Air Quality Index (AQI) is a dataset that provides information on the results of measurements of pollutants and ambient air quality conditions at a certain location. The dataset can be used to predict air quality. Unfortunately, the dataset often has observations with missing data and uneven class distribution; for example, the India AQI datasets. This dataset has a number of variables with missing observations of less than 10% and others of more than 10%. There are two minority classes in this dataset, namely the Good category and the Severe category. Single imputation using the median is inappropriate to be applied to the India AQI dataset, since the data are split over a certain interval. At the same time, predictions for the minority classes are very important because inaccurate predictions can be fatal in relation to flight schedules, outdoor activities, motorized vehicle control, and so on. The problems of missing data and class imbalance in AQI datasets, especially the India AQI datasets, require a unique approach.

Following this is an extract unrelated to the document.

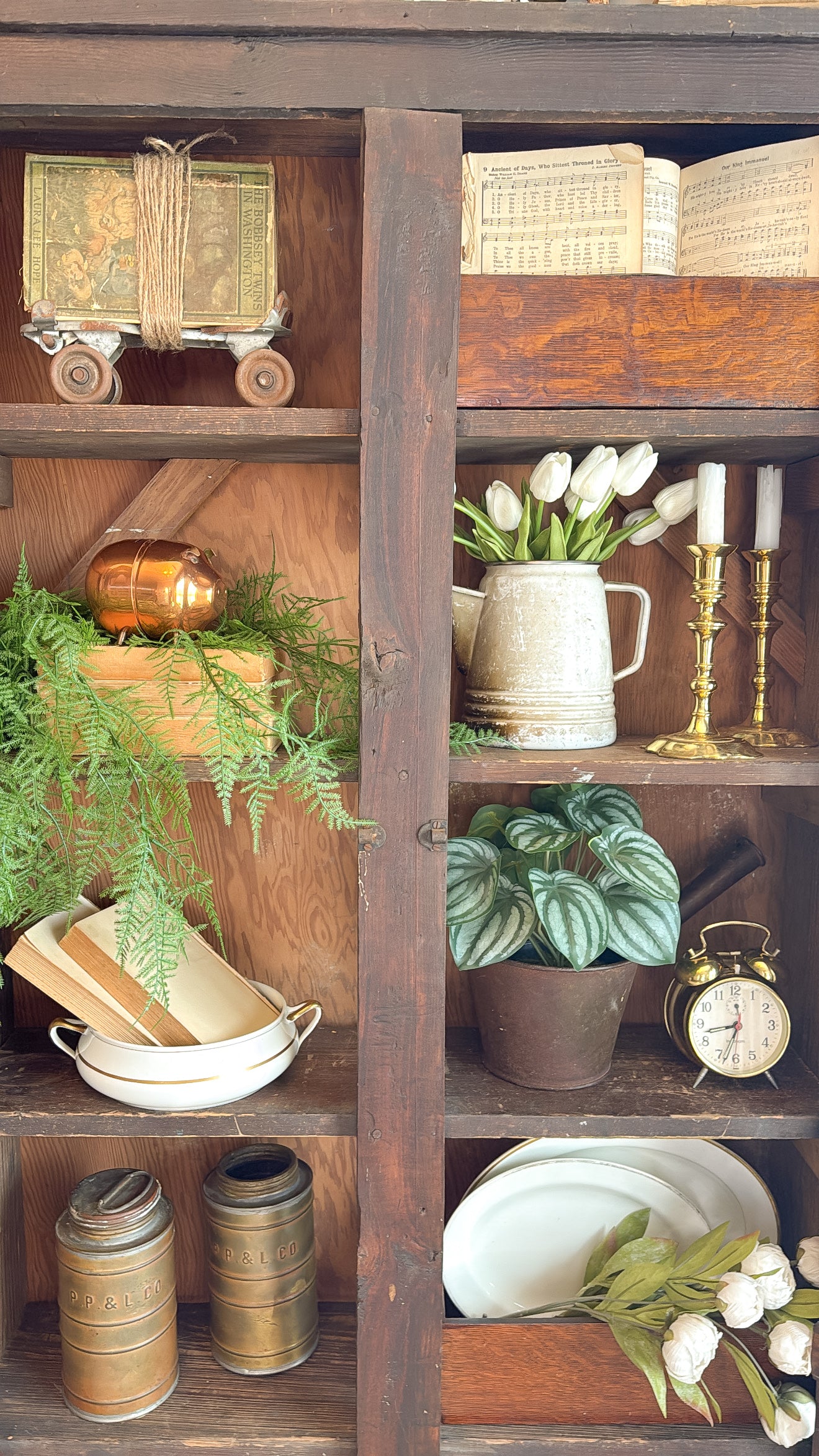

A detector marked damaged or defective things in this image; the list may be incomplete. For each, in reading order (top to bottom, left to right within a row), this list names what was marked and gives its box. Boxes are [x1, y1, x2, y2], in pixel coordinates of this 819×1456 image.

rusty metal pot [86, 536, 226, 637]
rusty metal pot [471, 961, 637, 1089]
rusty metal pot [55, 1171, 178, 1421]
rusty metal pot [204, 1141, 318, 1368]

This study integrates the handling of missing observations and imbalanced class in the India AQI dataset. The missing values are handled using the median and KNN regressor, while for class imbalance, the SMOTE-Tomek Links method is used. The median and KNN regressors handle the missing data of less than 10% and more than 10%, respectively. For data with certain intervals in each class, the median approach needs to be adjusted according to the intervals in each class of the related variables. At the same time, KNN is performed by determining the proximity of the distance to each observation. These proposed approaches to handle both issues are then used to predict the air quality of the India AQI dataset using Naive Bayes (NB), KNN, and C4.5. Furthermore, we used five treatments to show the effect of Median-KNN regressor imputation and SMOTE-Tomek Links on the air quality prediction performance of the India AQI dataset. The five treatments are a combination of removing missing data and imputing missing data with SMOTE resampling and SMOTE-Tomek Links, respectively. Our proposed methods are expected to improve the performance of air quality prediction with the missing observations and imbalanced classes of the India AQI dataset.

2. Materials and Methods

The entire workflow of the method proposed in this study is shown in Figure 1. The stages are as follows:

2.1. Air Quality Index Dataset

The dataset used in this study is the India Air Quality Index (AQI) from 2015 to 2020, which was obtained free of charge via the https://www.kaggle.com/datasets/rohanrao/air-quality-data-in-india, accessed on 1 September 2022. The size of the dataset is 24,850, with eight variables. Seven variables are AQI calculation parameters, and the air quality category is a label calculated based on the AQI value (known as AQI Bucket). The seven variables are PM₁₀ (particulate matter 10-micrometer), PM_2.5 (particulate matter 2.5-micrometer), SO₂ (sulfur dioxide), NO_x (nitric x-oxide), CO (carbon monoxide), O₃ (ozone or trioxygen), and NH₃ (ammonia). These seven variables have ranges of values and a number of missing observations with different percentages (Table 1).

The AQI Bucket variable consists of 6 classes: Good, Satisfactory, Moderate, Poor, Very Poor, and Severe. The distribution of observations in each class is presented in Figure 2.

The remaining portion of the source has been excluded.